The Difference Between Communication Design, Visual Communication Design, & Graphic Design

If you’re a CMO, CMI, Creative Director or involved in any way with marketing and design projects, chances are you’ve heard all three of these terms before. But do you know what they mean? What’s the difference between the practices ‘Communication Design,’ ‘Visual Communication Design’ and ‘Graphic Design?’ Let's dive in! 

woman lies on ground with computer and other creative supplies such as scissors, pens, markers, and yarn.
Learning about what type of designer you need for your next project can be difficult. Let's explore three different design practices that all play essential roles in creation.

Communication Design 

Communication design is an umbrella term that covers a wide range of disciplines from branding to advertising to UX design. In essence, the purpose of this type of design is to communicate a message or idea to an audience. It can be used for both digital and print mediums. A communication designer will take into consideration all aspects of their project including color palettes, typography, imagery, and layout when creating a cohesive and effective piece of work. The goal of the communication designer is to clearly convey a message or brand to its audience.

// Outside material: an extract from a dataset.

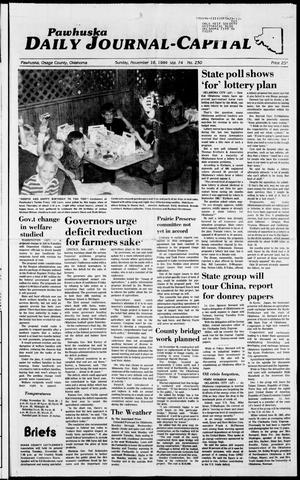 Pawhuska Daily Journal-Capital (Pawhuska, Okla.), Vol. 74, No. 230, Ed. 1 Sunday, November 18, 1984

Visual Communication Design 

Visual communication design is closely related to communication design but takes it one step further by focusing on the visual elements. This type of designer specializes in creating visuals and illustrations that are used to convey complex messages quickly and effectively. Visual communication designers often use colors, textures, shapes and symbols to create visuals that grab attention while still delivering information in a clear manner.  A good example of this would be a designer that partners with an architect/interior designer and focuses on wayfinding for a project.

Graphic Design

Graphic design is another form of visual communication that focuses on the aesthetic side of things as opposed to content-driven pieces like those created for branding or advertising campaigns. Graphic designers typically create logos, posters or other printed materials using text and images to convey a message or idea in an aesthetically pleasing way. The goal is usually to draw attention without overpowering readers with too much information. 

 All three types of designs play an important role when it comes to communicating messages effectively across multiple mediums and platforms. While there may be some overlap between them at times, each discipline has its own unique set of skills which should be taken into account when deciding which type best suits your project needs. With this newfound knowledge on your side—you're now well equipped to decipher the difference between 'Communication Design,' 'Visual Communication Design' and 'Graphic Design.' or as we like to call them, CREATIVES!